Cela fait maintenant deux semaines que les Français sont obligés de rester chez eux. Cette mesure a été adoptée pour contenir la propagation du coronavirus sur l’ensemble du territoire. Si les forces de l’ordre ont misé sur la pédagogie au début, elles appliqueront dorénavant des sanctions plus sévères en cas de non-observation des consignes de confinement.

Les Français n'ont plus le droit de sortir de chez eux, à moins qu'il ne soit question de subvenir aux besoins les plus indispensables. Tel est notamment le cas des courses et de la consultation d'un médecin. Par ailleurs, les employés qui ne peuvent pas travailler à distance sont autorisés à se rendre au bureau avec leur voiture couverte par une assurance auto.

Depuis que le confinement a été décrété par l'exécutif, près de 100 000 policiers et gendarmes ont été mobilisés à travers toute la France.
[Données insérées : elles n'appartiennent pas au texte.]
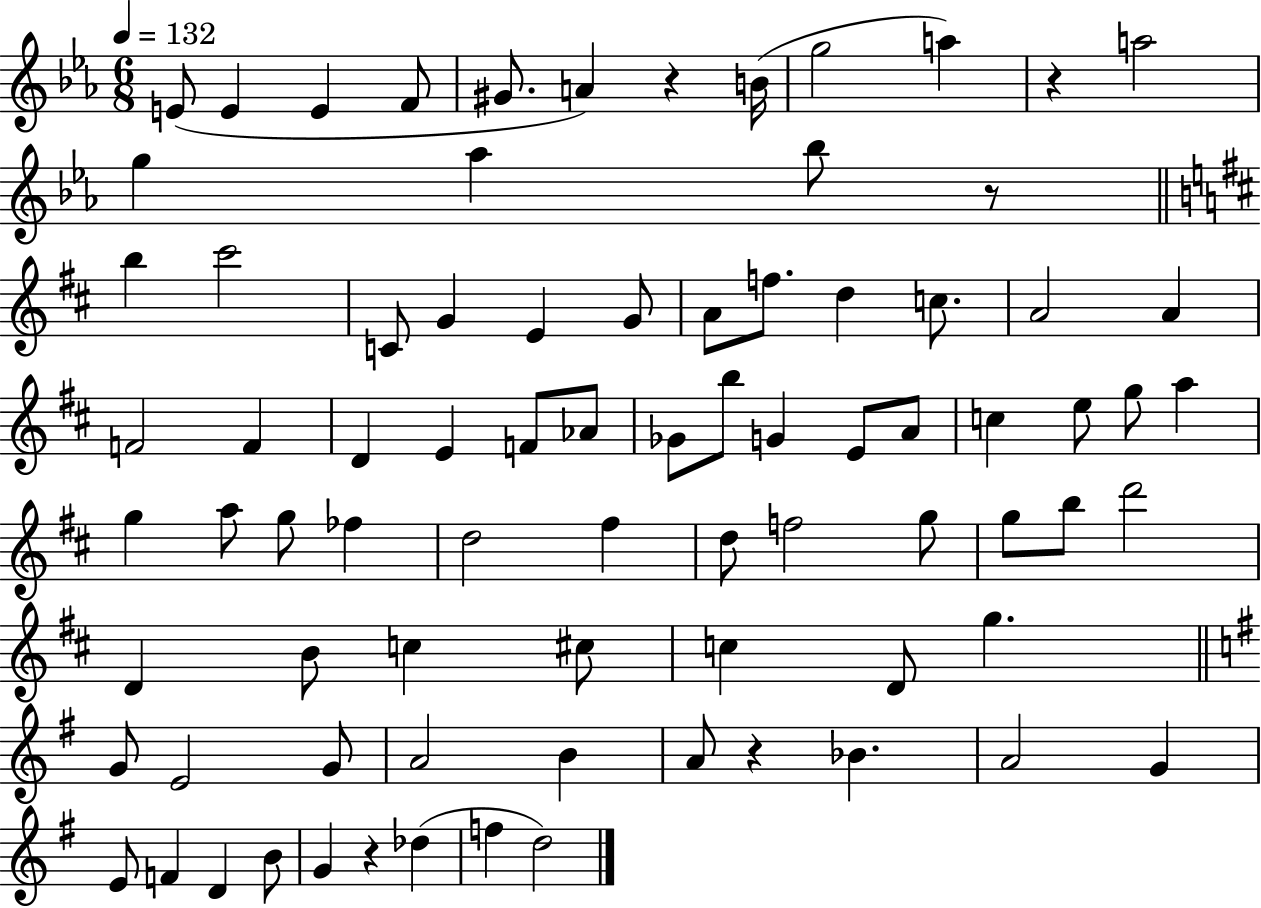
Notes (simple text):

E4/e E4/q E4/q F4/e G#4/e. A4/q R/q B4/s G5/h A5/q R/q A5/h G5/q Ab5/q Bb5/e R/e B5/q C#6/h C4/e G4/q E4/q G4/e A4/e F5/e. D5/q C5/e. A4/h A4/q F4/h F4/q D4/q E4/q F4/e Ab4/e Gb4/e B5/e G4/q E4/e A4/e C5/q E5/e G5/e A5/q G5/q A5/e G5/e FES5/q D5/h F#5/q D5/e F5/h G5/e G5/e B5/e D6/h D4/q B4/e C5/q C#5/e C5/q D4/e G5/q. G4/e E4/h G4/e A4/h B4/q A4/e R/q Bb4/q. A4/h G4/q E4/e F4/q D4/q B4/e G4/q R/q Db5/q F5/q D5/h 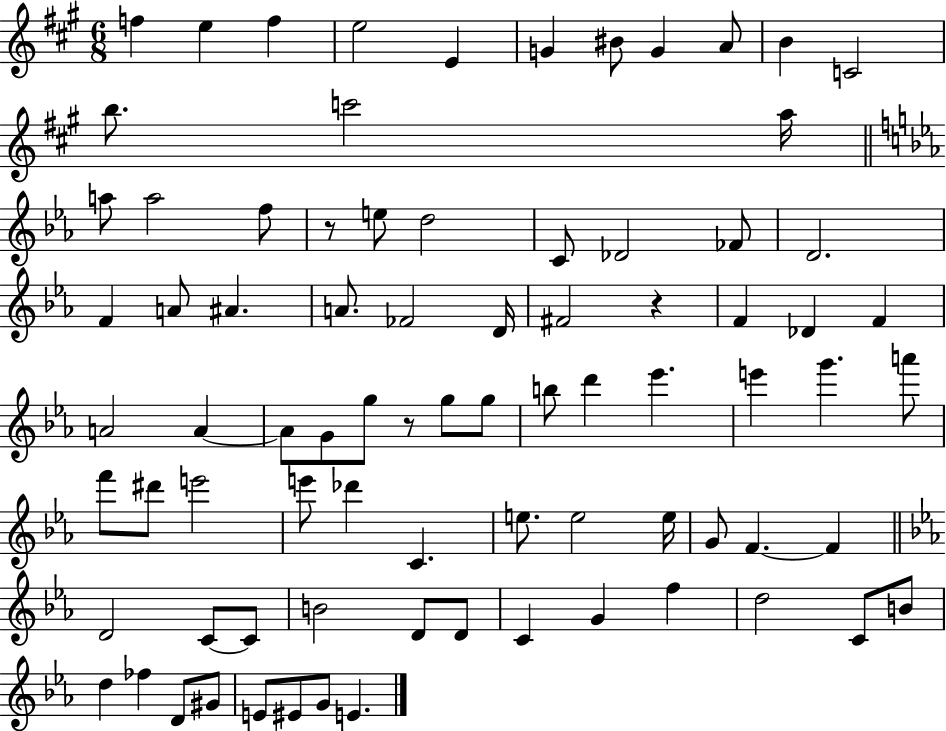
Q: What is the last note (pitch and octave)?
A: E4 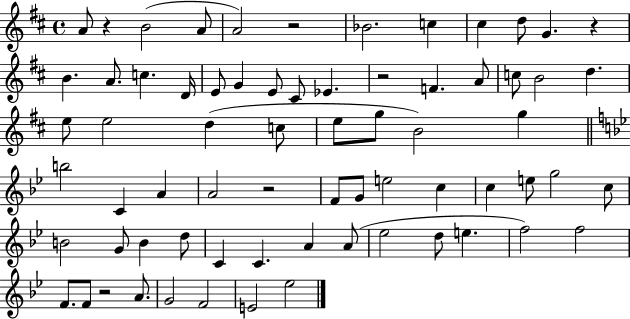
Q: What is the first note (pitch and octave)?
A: A4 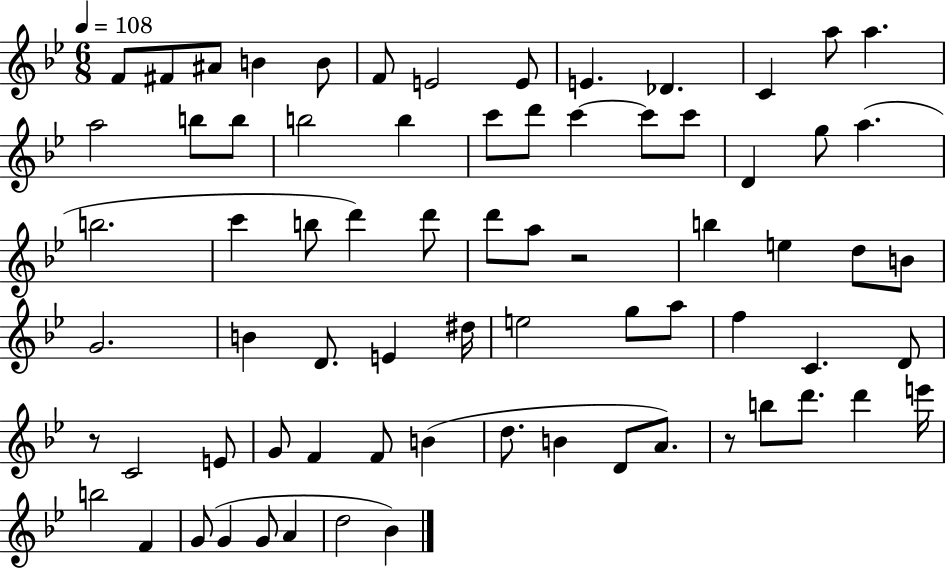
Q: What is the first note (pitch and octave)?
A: F4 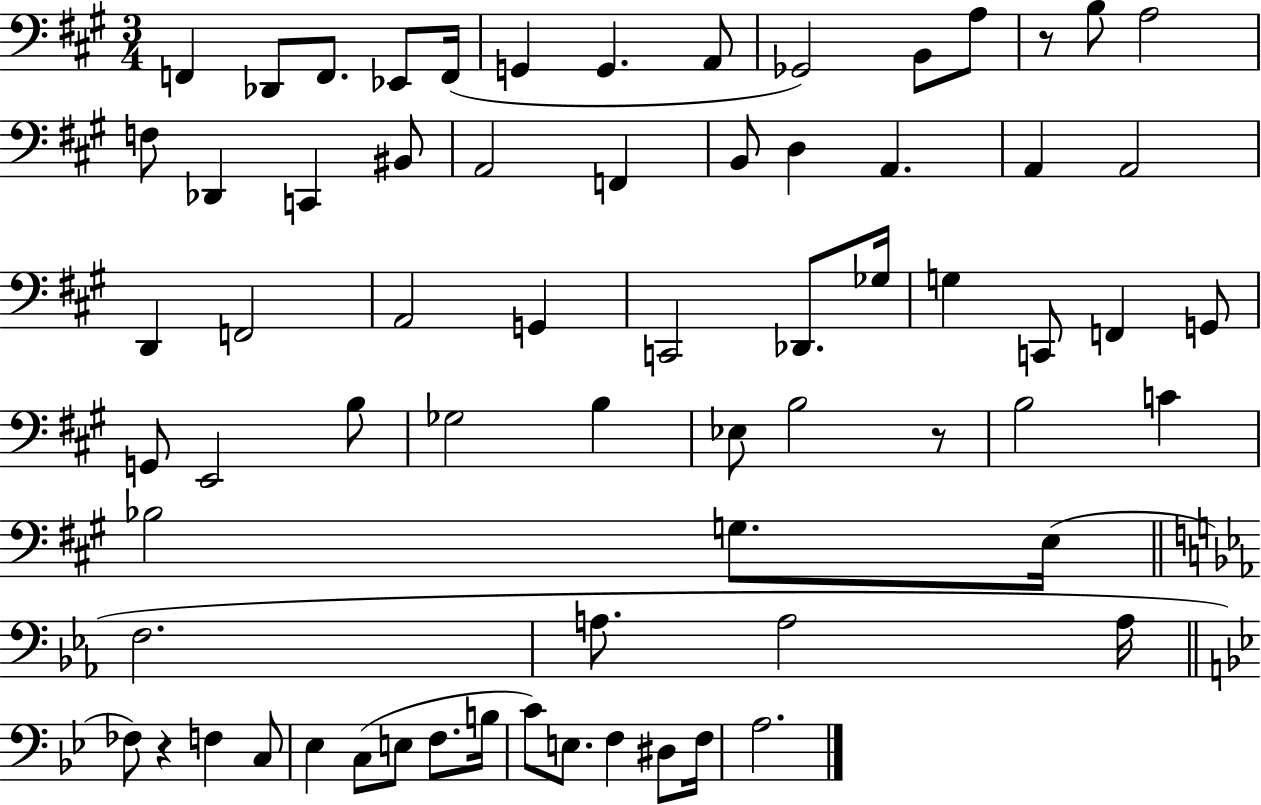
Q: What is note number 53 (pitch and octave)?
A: F3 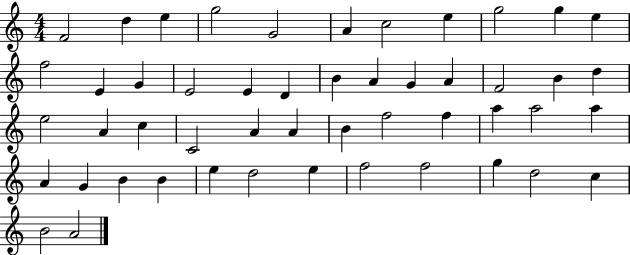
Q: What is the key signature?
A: C major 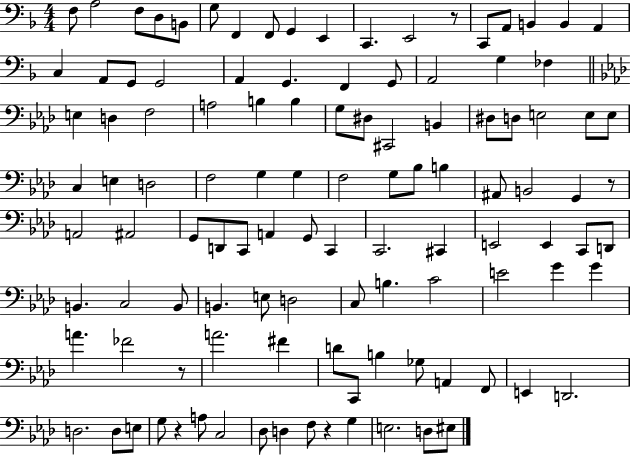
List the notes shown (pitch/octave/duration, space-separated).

F3/e A3/h F3/e D3/e B2/e G3/e F2/q F2/e G2/q E2/q C2/q. E2/h R/e C2/e A2/e B2/q B2/q A2/q C3/q A2/e G2/e G2/h A2/q G2/q. F2/q G2/e A2/h G3/q FES3/q E3/q D3/q F3/h A3/h B3/q B3/q G3/e D#3/e C#2/h B2/q D#3/e D3/e E3/h E3/e E3/e C3/q E3/q D3/h F3/h G3/q G3/q F3/h G3/e Bb3/e B3/q A#2/e B2/h G2/q R/e A2/h A#2/h G2/e D2/e C2/e A2/q G2/e C2/q C2/h. C#2/q E2/h E2/q C2/e D2/e B2/q. C3/h B2/e B2/q. E3/e D3/h C3/e B3/q. C4/h E4/h G4/q G4/q A4/q. FES4/h R/e A4/h. F#4/q D4/e C2/e B3/q Gb3/e A2/q F2/e E2/q D2/h. D3/h. D3/e E3/e G3/e R/q A3/e C3/h Db3/e D3/q F3/e R/q G3/q E3/h. D3/e EIS3/e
Durant les premiers jours, les sanctions à l'égard des contrevenants étaient plutôt douces. Mais désormais, ils seront plus sévèrement punis.

À quelles sanctions les contrevenants s'exposent-ils ?

Actuellement, un conducteur verbalisé pour la première fois doit payer une amende de 135 euros, selon la grille établie. Une majoration est appliquée en fonction du nombre de récidives. Par exemple, un automobiliste qui a violé quatre fois les règles au bout de 30 jours risque de se faire retirer son permis de conduire. Il ne pourra pas se remettre au volant avant trois ans.


En outre, il encourt une peine de prison de 6 mois, en plus d'une amende qui peut atteindre 3 700 euros.

Concernant les poids lourds de plus de 7,5 tonnes, l'interdiction de circuler sur la voie publique a été levée jusqu'au 20 avril prochain. Un arrêté datant du 19 mars dernier le confirme. Les limitations en question concernent généralement les week-ends et les jours fériés.

Ainsi, pour se rendre à Paris depuis la province un dimanche ou un jour férié, par exemple, le chauffeur peut désormais rouler entre 22 heures et minuit. La durée de conduite journalière est régie par l'arrêté du 20 mars dernier.

Un possible allongement de la durée de confinement

Les mesures de confinement ont commencé à être appliquées le mardi 17 mars dernier. Depuis ce jour, le nombre de procès-verbaux rédigés a été porté à plus de 90 000. La liste pourrait s'allonger parce que le gouvernement envisage de prolonger de plusieurs semaines le confinement, qui est censé s'achever le 31 mars prochain.

Les règles y afférentes ont été durcies, de manière à suspendre toute activité non essentielle. Si la sanction s'est auparavant limitée à 38 euros en cas de non-respect du confinement, la facture augmente désormais rapidement. Par exemple, en cas de récidive dans les 15 jours suivant la première infraction, une amende de 1 500 euros s'appliquera.

En tout cas, chaque sortie doit toujours être justifiée par une autorisation spécifique qui ne prend effet qu'une seule fois. Il reste à savoir si les nouvelles mesures suffiront à dissuader les éventuels contrevenants.